I’ve observed the economics job market for the last twenty years or so, and I’ve noticed a marked increase in earnings inequality in the last ten or so years. The mega-stars get paid lots more, yet many other wages stagnate. I’ve heard of economist salaries of $400,000 and above, plus perks and benefits, but in 1990 almost any salary in six figures was a big deal.
This change is not because the union was broken, not because of the Bush tax cuts, and not because of growing globalization.

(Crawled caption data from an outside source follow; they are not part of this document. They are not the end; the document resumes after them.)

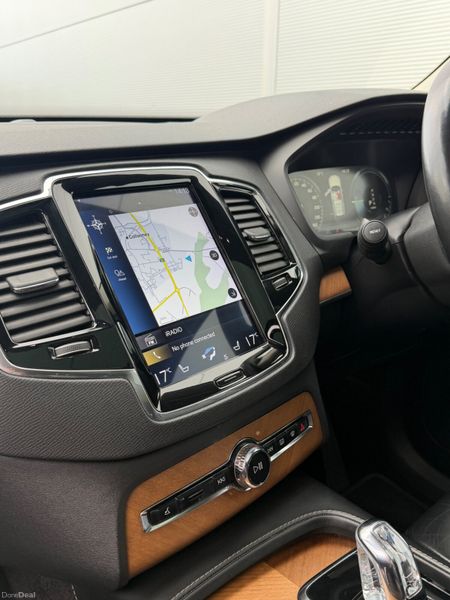 Volvo XC90 Inscription *7 Seater *Mint 380505080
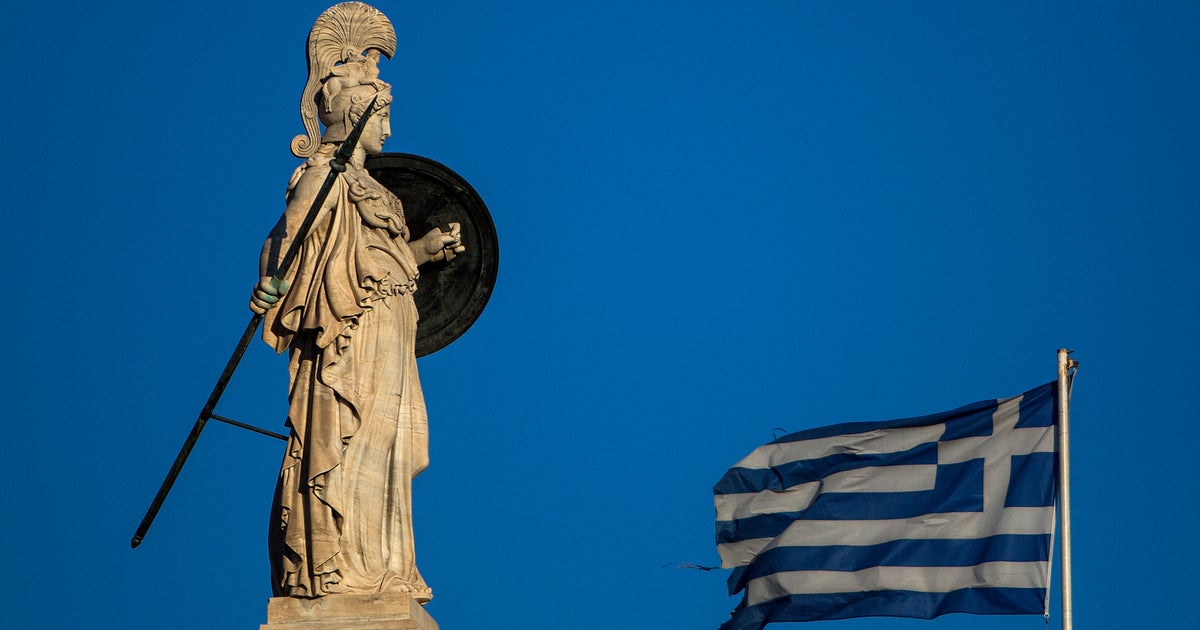 Οι καλοί μαθητές του τέλους της ιστορίας - Vimarsana News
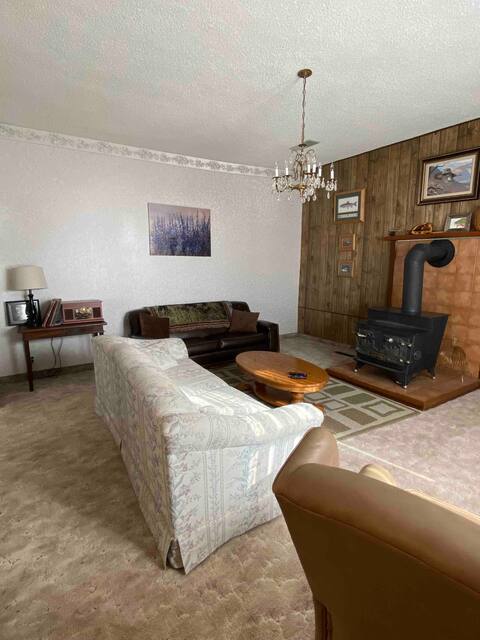Fisherman’s Cottage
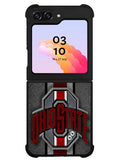 Ohio State 11th Samsung Galaxy Z Flip 5 5G 2023 Case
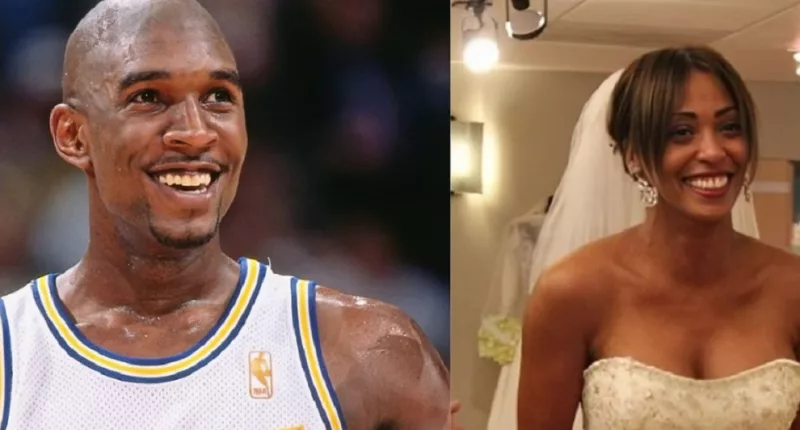 Joe Smith Divorce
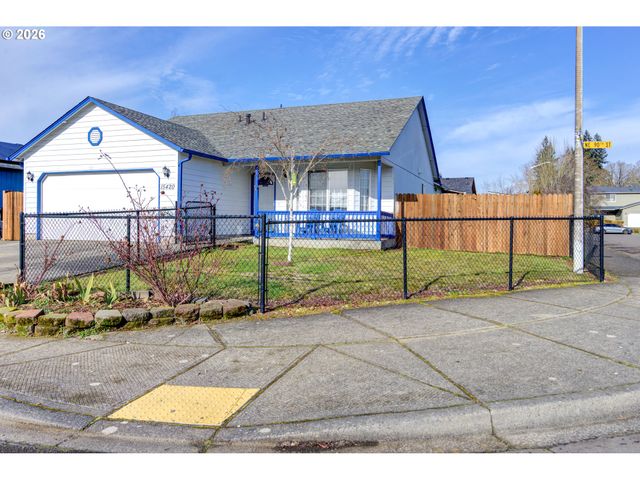 15420 Ne 90TH St, Vancouver, WA 98682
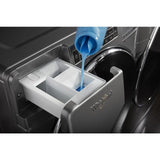 5.0 cu. ft. Front Load Washer with Load & Go??? XL Dispenser - (WFW8620HC) - WHIRLPOOL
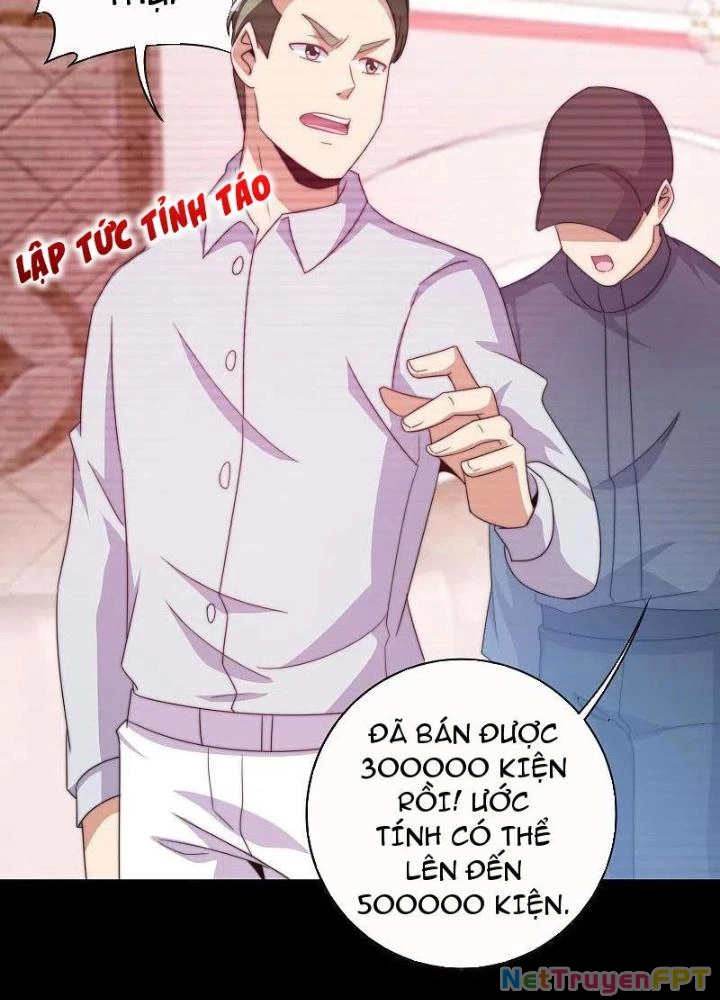 Từ Hôm Nay Bắt Đầu Làm Người Giàu Nhất Chapter 234 - 49
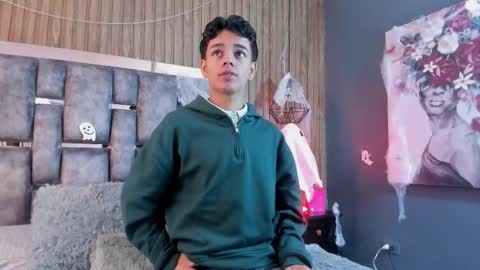 Snapshot of owen__johnson chatting on October 2025 12:20:01 PM Owen Johnson online show from October 2025 12:20:01 PM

Markets seem more interested in measuring, bidding for, and rewarding quality. The academic world is also far more competitive than before. Many more institutions have the resources, and the will, to make a run at the big name players and bid up their salaries. Just look at, say, NYU or Washington University. The Internet means those same professors don’t feel a compelling need to have their collaborators right next door.
I conclude that the academic world, ten or fifteen years ago, was much less competitive than today. It was also less of a meritocracy (I mean that in the Clarkian W=MP sense, not the moral sense), and we were more likely to observe a "pooling equilibrium" when it came to salaries.
I also conclude that many apparently competitive sectors aren’t nearly as competitive as they look at first glance.
Now I don’t have any evidence that this same trend explains the growth of wage inequality in the broader economy. But it would be wrong to dismiss that possibility out of hand.